The FPGAs run code to determine query results, which are then sent back to the CPU for delivery to the Web. The faster computing through FPGAs allows for more services to be separated, differentiated and applied.
One service could allow filtering and ranking of results. A separate service within the FPGAs could provide scores and measure relevancy of queries to results. The scores are then sorted and returned as results. It also allows more math and image recognition services to be applied to the results.
But as the number of FPGAs grows, it could be a challenge reprogramming all of them.
Microsoft's data center administrators hated the idea of FPGAs in servers. There were many reasons for the FPGA model not to fit well in data centers.
"First of all, it's a single point of failure and it really complicates the rack design, the thermals and maintainability. You have an FPGA box that's spitting out a ton of heat, all the other servers are at a different level and it becomes really hard to control," Putnam said.
It's also a security nightmare, as the FPGAs run different operating system images and software than conventional servers. FPGAs on the main network would also create latency problems, limiting the elasticity of a data center, Putnam said.
In 2011, Microsoft designed prototype boards with six Virtex-6 FPGAs and Intel Xeon CPUs, The plan was to put these boards into 1U, 2U and 4U rack-mount servers and slip them into racks across data centers. But that didn't work out well.
So when reconsidering implementing FPGAs in data centers, Microsoft set up two design requirements. The FPGAs would go into dedicated servers that could be used for tasks outside processing Bing search. Also, the server couldn't increase the hardware failure rates or require network modifications.
Limitations were also set for Microsoft's server design team: The FPGAs had to be less than 30 percent of the cost of a server, and couldn't draw more than 10 percent of the overall power drawn by the system.
And that led to the birth of the Microsoft Open Compute Server, a 1U-tall server with a PCI-Express slot that could squeeze in a single FPGA. The compact server had two eight-core Xeon CPUs, 64GB of DRAM, two solid-state drives, four hard drives total and a 10-gigabit Ethernet slot. The servers were used in the experiment earlier this year.
"Your only slot for adding accelerators was tiny, about 10 centimeters by 10 centimeters," Putnam said.
The FPGA accelerator board was an Altera Stratix V G5 D5 card, which had an 8GB DDR3, 32MB flash and eight-lane Mini-SAS connectors. It was plugged into a PCI-Express slot. The FPGA on each server had a heatsink of its own.
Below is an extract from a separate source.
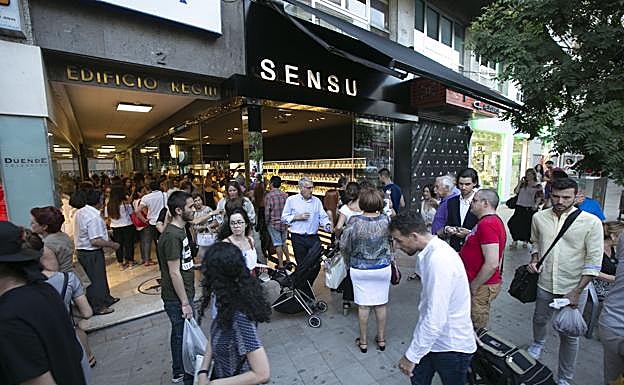 FACUA Granada exige a las autoridades más control en las rebajas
The CPUs and other components generated a lot of heat, and the FPGA were getting baked in a 68 degrees Celsius (154.4 degrees Fahrenheit) inlet. "That's the air we're supposed to cool the [FPGA] with," Putnam remarked.
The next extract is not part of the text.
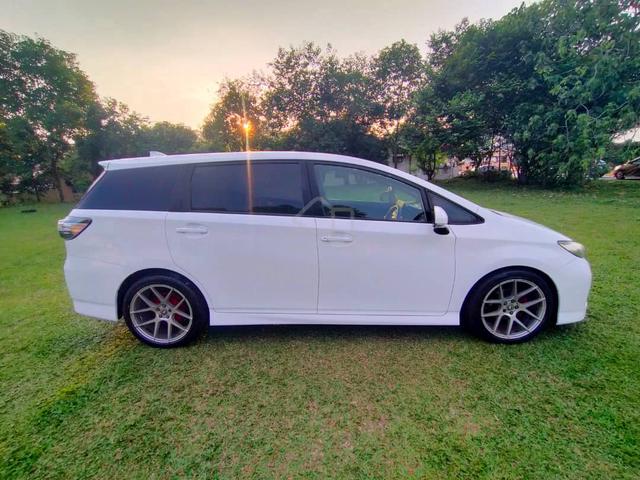 FreeTukarNama 2017 Toyota WISH 1.8(A) - 4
The FPGAs were built on a specialized network connected through cables. Search requests were bounced from the CPU to a local FPGA, with the request then rerouted across a separate network of PGAs covering computer vision, math acceleration and other search services. The FPGA network was scalable, and didn't rely on the network connecting the computers.
"From the perspective of a CPU, its local FPGA can handle what actually took a lot of FPGAs," Putnam said. "You can add a bunch of services to this kind of FPGA network. Every CPU thinks it's attached to all of these services."
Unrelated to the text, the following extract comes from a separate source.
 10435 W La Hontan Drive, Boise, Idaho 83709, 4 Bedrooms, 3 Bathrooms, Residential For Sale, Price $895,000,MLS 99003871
As the number of FPGAs in a data center piles up, programming them could become a nightmare. Microsoft has ported over filtering, ranking, relevancy and sorting tools so FPGAs remain relevant and are easier to reprogram.
"They are actually going to push [FPGAs] into their data centers, but of course, in order to keep them there, we're going to have to really improve the future of programmability," Putnam said.